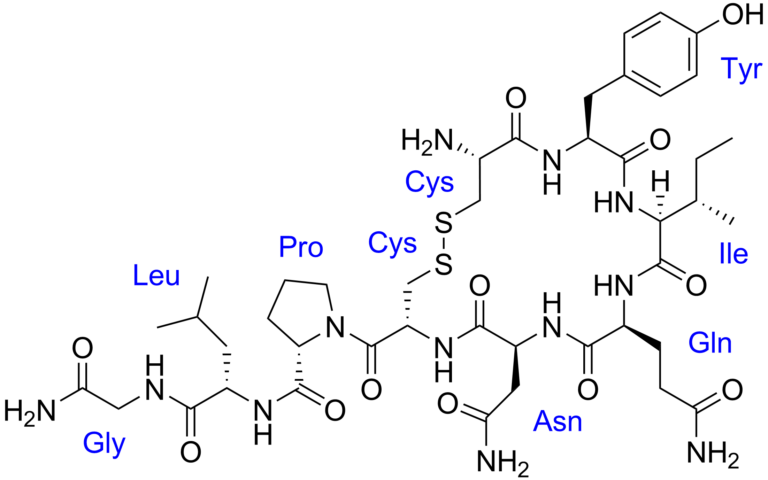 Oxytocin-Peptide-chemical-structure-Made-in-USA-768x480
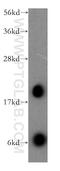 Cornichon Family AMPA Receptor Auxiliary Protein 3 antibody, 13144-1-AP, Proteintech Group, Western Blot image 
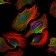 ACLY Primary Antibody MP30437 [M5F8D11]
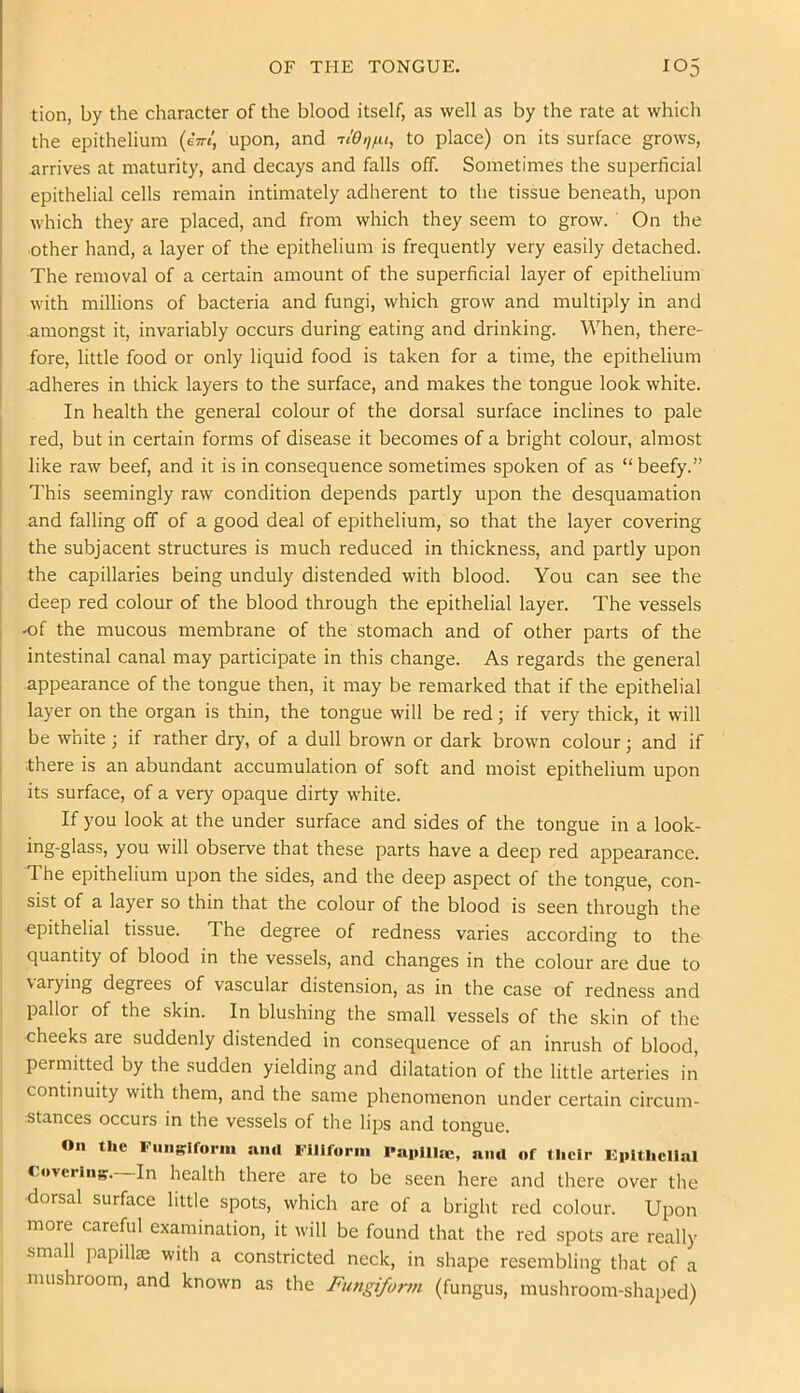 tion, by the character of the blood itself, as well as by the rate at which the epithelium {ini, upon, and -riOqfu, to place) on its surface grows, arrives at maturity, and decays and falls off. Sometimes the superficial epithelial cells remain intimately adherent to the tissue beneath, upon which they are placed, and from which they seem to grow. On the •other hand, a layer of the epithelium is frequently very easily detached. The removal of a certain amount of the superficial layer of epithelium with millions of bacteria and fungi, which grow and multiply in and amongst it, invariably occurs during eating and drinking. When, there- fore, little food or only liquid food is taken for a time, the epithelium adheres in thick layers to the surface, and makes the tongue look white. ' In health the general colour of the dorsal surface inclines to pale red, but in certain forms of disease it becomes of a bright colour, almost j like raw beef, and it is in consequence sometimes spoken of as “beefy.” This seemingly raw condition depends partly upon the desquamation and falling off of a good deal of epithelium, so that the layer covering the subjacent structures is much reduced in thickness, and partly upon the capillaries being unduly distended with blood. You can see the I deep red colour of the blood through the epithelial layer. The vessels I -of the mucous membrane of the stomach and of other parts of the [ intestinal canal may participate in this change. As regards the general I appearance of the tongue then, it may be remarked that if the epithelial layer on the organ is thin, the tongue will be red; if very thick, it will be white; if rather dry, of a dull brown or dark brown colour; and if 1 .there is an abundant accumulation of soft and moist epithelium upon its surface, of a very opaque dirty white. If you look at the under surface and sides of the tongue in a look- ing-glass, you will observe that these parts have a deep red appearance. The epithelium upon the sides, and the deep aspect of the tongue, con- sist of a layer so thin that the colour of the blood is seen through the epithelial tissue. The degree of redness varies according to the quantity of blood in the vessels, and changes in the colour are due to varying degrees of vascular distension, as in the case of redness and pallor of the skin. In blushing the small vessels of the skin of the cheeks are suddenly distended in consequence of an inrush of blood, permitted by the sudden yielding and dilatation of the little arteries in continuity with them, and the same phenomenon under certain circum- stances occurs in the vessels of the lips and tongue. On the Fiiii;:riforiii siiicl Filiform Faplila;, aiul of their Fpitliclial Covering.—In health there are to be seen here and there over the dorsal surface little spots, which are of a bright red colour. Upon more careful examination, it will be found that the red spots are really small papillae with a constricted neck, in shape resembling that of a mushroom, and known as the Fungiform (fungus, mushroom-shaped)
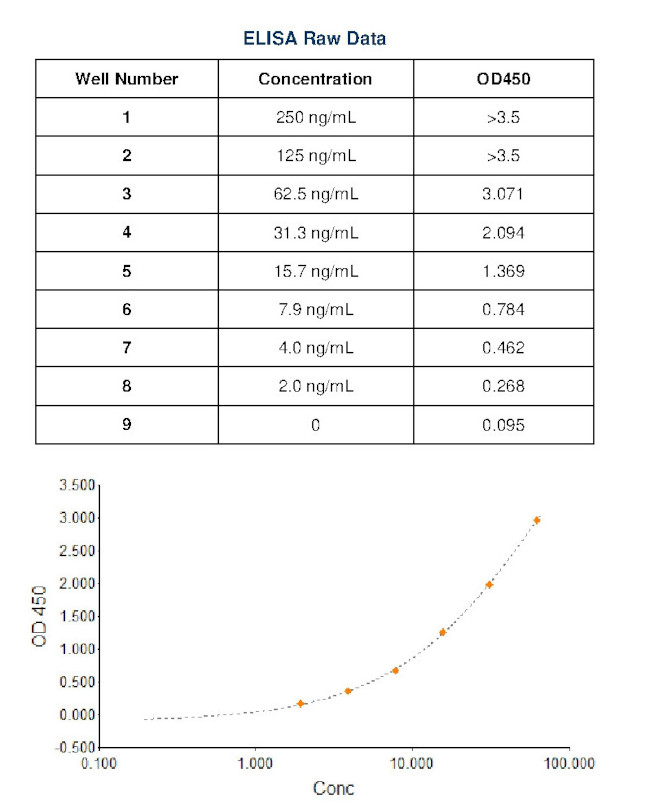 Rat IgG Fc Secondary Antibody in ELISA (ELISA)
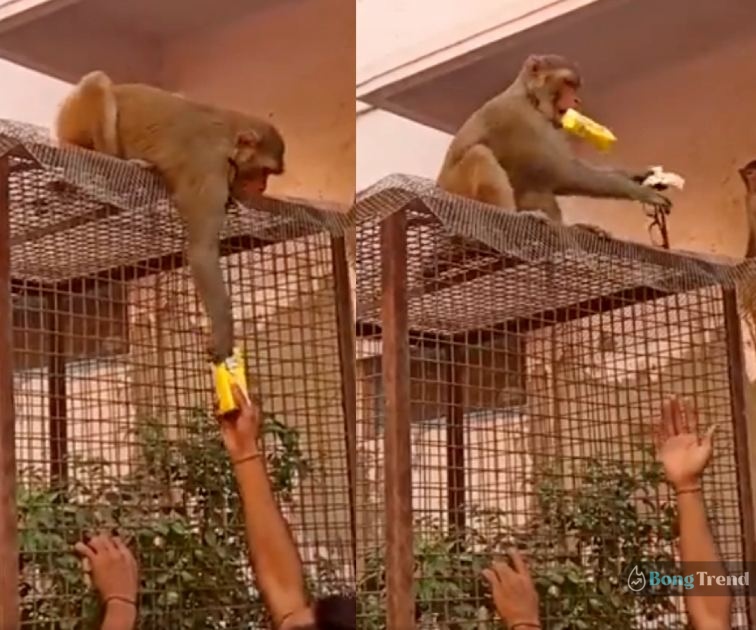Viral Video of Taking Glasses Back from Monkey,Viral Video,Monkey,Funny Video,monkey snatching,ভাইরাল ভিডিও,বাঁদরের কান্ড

*Exercise prompt:* The records above are to be quoted exactly, with all pictures left out.

*Task response:*
 Oxytocin-Peptide-chemical-structure-Made-in-USA-768x480
 Cornichon Family AMPA Receptor Auxiliary Protein 3 antibody, 13144-1-AP, Proteintech Group, Western Blot image 
 ACLY Primary Antibody MP30437 [M5F8D11]
 tion, by the character of the blood itself, as well as by the rate at which the epithelium {ini, upon, and -riOqfu, to place) on its surface grows, arrives at maturity, and decays and falls off. Sometimes the superficial epithelial cells remain intimately adherent to the tissue beneath, upon which they are placed, and from which they seem to grow. On the •other hand, a layer of the epithelium is frequently very easily detached. The removal of a certain amount of the superficial layer of epithelium with millions of bacteria and fungi, which grow and multiply in and amongst it, invariably occurs during eating and drinking. When, there- fore, little food or only liquid food is taken for a time, the epithelium adheres in thick layers to the surface, and makes the tongue look white. ' In health the general colour of the dorsal surface inclines to pale red, but in certain forms of disease it becomes of a bright colour, almost j like raw beef, and it is in consequence sometimes spoken of as “beefy.” This seemingly raw condition depends partly upon the desquamation and falling off of a good deal of epithelium, so that the layer covering the subjacent structures is much reduced in thickness, and partly upon the capillaries being unduly distended with blood. You can see the I deep red colour of the blood through the epithelial layer. The vessels I -of the mucous membrane of the stomach and of other parts of the [ intestinal canal may participate in this change. As regards the general I appearance of the tongue then, it may be remarked that if the epithelial layer on the organ is thin, the tongue will be red; if very thick, it will be white; if rather dry, of a dull brown or dark brown colour; and if 1 .there is an abundant accumulation of soft and moist epithelium upon its surface, of a very opaque dirty white. If you look at the under surface and sides of the tongue in a look- ing-glass, you will observe that these parts have a deep red appearance. The epithelium upon the sides, and the deep aspect of the tongue, con- sist of a layer so thin that the colour of the blood is seen through the epithelial tissue. The degree of redness varies according to the quantity of blood in the vessels, and changes in the colour are due to varying degrees of vascular distension, as in the case of redness and pallor of the skin. In blushing the small vessels of the skin of the cheeks are suddenly distended in consequence of an inrush of blood, permitted by the sudden yielding and dilatation of the little arteries in continuity with them, and the same phenomenon under certain circum- stances occurs in the vessels of the lips and tongue. On the Fiiii;:riforiii siiicl Filiform Faplila;, aiul of their Fpitliclial Covering.—In health there are to be seen here and there over the dorsal surface little spots, which are of a bright red colour. Upon more careful examination, it will be found that the red spots are really small papillae with a constricted neck, in shape resembling that of a mushroom, and known as the Fungiform (fungus, mushroom-shaped)
 Rat IgG Fc Secondary Antibody in ELISA (ELISA)
Viral Video of Taking Glasses Back from Monkey,Viral Video,Monkey,Funny Video,monkey snatching,ভাইরাল ভিডিও,বাঁদরের কান্ড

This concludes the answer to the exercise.